**What the exercise asks:** Could you write out the records below exactly, without omitting a line?

*** Opening of Provided data ***

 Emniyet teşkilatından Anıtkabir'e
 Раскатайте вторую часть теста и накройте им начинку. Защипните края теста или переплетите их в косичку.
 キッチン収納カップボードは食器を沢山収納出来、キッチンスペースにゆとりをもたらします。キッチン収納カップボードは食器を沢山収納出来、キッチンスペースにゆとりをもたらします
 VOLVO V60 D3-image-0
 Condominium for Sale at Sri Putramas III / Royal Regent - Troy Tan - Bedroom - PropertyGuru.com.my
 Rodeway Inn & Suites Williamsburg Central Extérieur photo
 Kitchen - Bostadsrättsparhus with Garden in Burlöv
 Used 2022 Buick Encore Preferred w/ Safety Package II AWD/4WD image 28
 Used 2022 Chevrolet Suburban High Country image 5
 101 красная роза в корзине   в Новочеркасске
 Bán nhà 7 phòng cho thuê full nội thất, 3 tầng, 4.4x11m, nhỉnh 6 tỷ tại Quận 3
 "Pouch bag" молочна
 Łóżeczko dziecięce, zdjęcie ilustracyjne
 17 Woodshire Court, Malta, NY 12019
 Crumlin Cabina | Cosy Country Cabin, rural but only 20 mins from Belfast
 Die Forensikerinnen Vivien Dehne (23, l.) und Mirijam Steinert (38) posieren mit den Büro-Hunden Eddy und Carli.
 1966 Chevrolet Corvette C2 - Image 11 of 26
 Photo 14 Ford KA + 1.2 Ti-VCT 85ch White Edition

*** Close of Provided data ***

**Written answer:**
 Emniyet teşkilatından Anıtkabir'e
 Раскатайте вторую часть теста и накройте им начинку. Защипните края теста или переплетите их в косичку.
 キッチン収納カップボードは食器を沢山収納出来、キッチンスペースにゆとりをもたらします。キッチン収納カップボードは食器を沢山収納出来、キッチンスペースにゆとりをもたらします
 VOLVO V60 D3-image-0
 Condominium for Sale at Sri Putramas III / Royal Regent - Troy Tan - Bedroom - PropertyGuru.com.my
 Rodeway Inn & Suites Williamsburg Central Extérieur photo
 Kitchen - Bostadsrättsparhus with Garden in Burlöv
 Used 2022 Buick Encore Preferred w/ Safety Package II AWD/4WD image 28
 Used 2022 Chevrolet Suburban High Country image 5
 101 красная роза в корзине   в Новочеркасске
 Bán nhà 7 phòng cho thuê full nội thất, 3 tầng, 4.4x11m, nhỉnh 6 tỷ tại Quận 3
 "Pouch bag" молочна
 Łóżeczko dziecięce, zdjęcie ilustracyjne
 17 Woodshire Court, Malta, NY 12019
 Crumlin Cabina | Cosy Country Cabin, rural but only 20 mins from Belfast
 Die Forensikerinnen Vivien Dehne (23, l.) und Mirijam Steinert (38) posieren mit den Büro-Hunden Eddy und Carli.
 1966 Chevrolet Corvette C2 - Image 11 of 26
 Photo 14 Ford KA + 1.2 Ti-VCT 85ch White Edition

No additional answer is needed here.